Recently, several extreme flood hazards with active sediment and driftwood transport have occurred in mountainous areas of Japan, as typically observed in the Akatani river flood disaster in 2017. In order to predict such hazards, the authors have developed Rainfall-sediment and driftwood runoff models. This model evaluates the flood, sediment, and driftwood runoff from a basin by combining rainfall-runoff analysis, slope stability analysis, sediment and driftwood transport in the slope based on mass system equation, and sediment and driftwood transport in the river channel by unit channel model. However, in order to conduct hazard predictions using this method, it is necessary to investigate reasonable ways to determine the following processes which particularly affect the results of the analysis.
1) Evaluation of sediment and driftwood inflow into a river channel, i.e., sediment and driftwood inflow into the "unit channel" may take place in the form of debris flow or in the form of bedload and suspended load.
2) Conditions of driftwood recruitment from the ground (or riverbed) to the water, and their deposition from water to the ground.
In order to employ the method for hazard prediction, this study investigates how these components affect the sediment and driftwood runoff.
In the Terauchi Dam (watershed area of approximately 51 km2), which was damaged by the 2017 Northern Kyushu Heavy Rainfall, sediment and driftwood deposition during the disaster event was observed. In this study, rainfall, sediment and driftwood runoff analyses are conducted for the Terauchi Dam basin to investigate the effects of the components above.

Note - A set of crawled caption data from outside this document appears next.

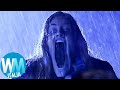 Un'altra Top 10 EFFETTI SPECIALI più RIDICOLI nelle SERIE TV!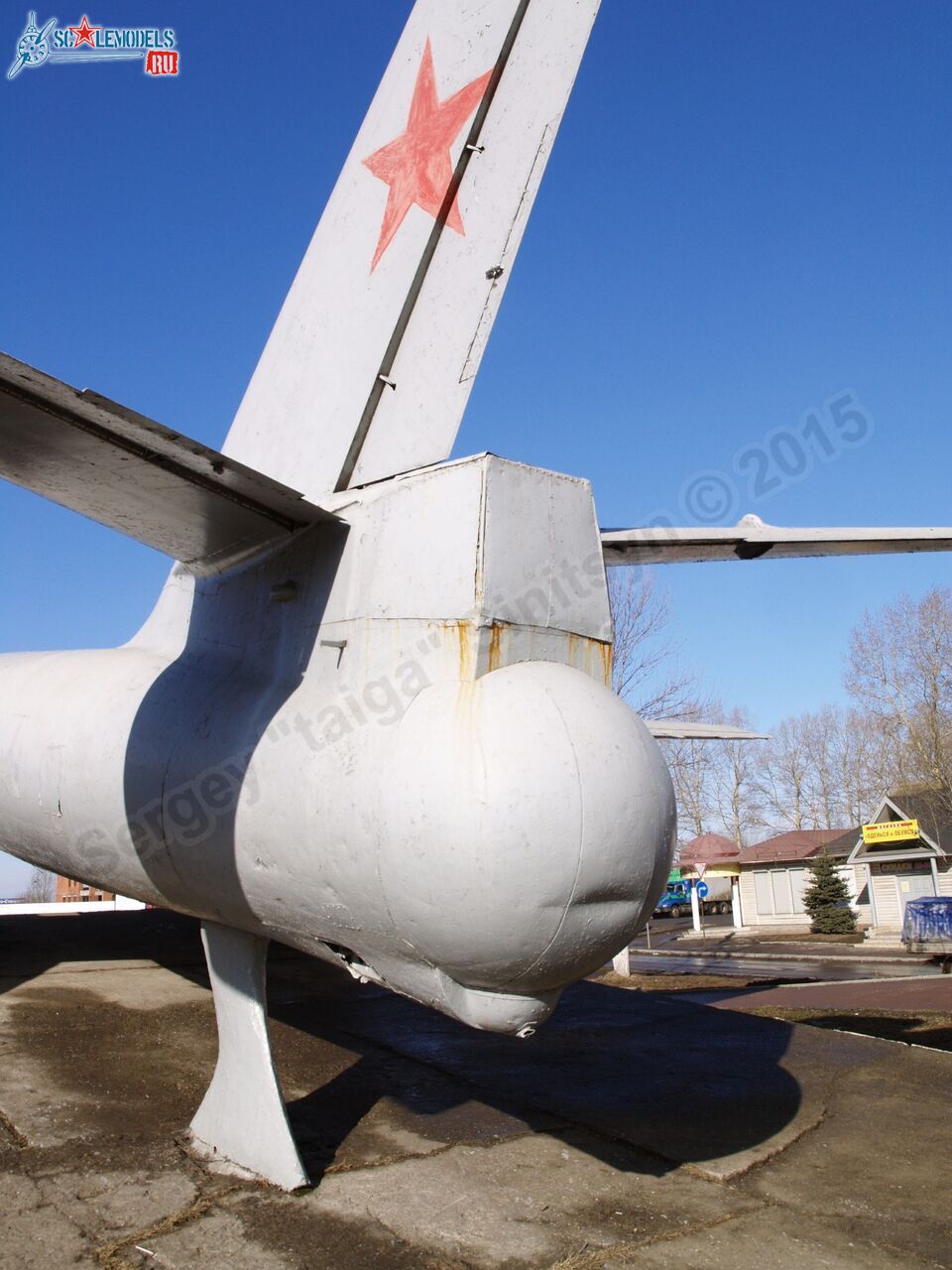 Il-28U_0078.jpg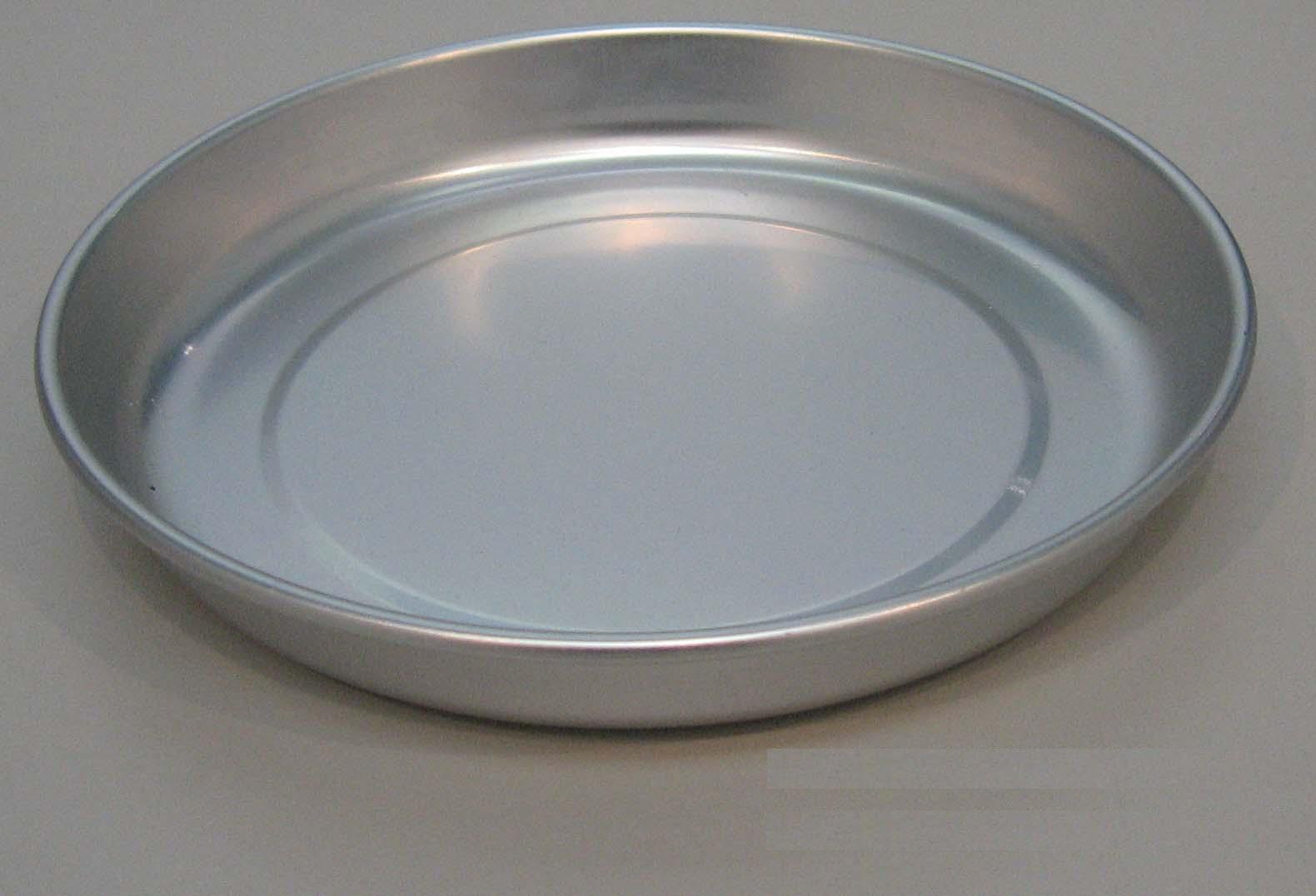 ALU.tableware - 4128 - Easy International Trade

As a result, the relationship between the debris-fan and the unit river channel is revealed as follows;
1) Streams with steep slopes (approximately 10° or more) flow directly into the river channel. For fans with a slope of 4° to 10°, whether or not the stream flows into the river channel depends on the positional relationship between the river channel and the stream.
The analysis also showed that the flow into the river channel was approximately 4°. We also found that the upstream end of the river channel can be defined as approximately 4° to 10°, and if the mesh size is sufficiently fine, the debris flow into the river channel can be adequately evaluated.
2) As for the driftwood transport, it is found that the driftwood inflow into the dam could be well evaluated by setting a water depth to driftwood diameter ratio range of 1 to 1.5 as a limit for driftwood erosion and deposition.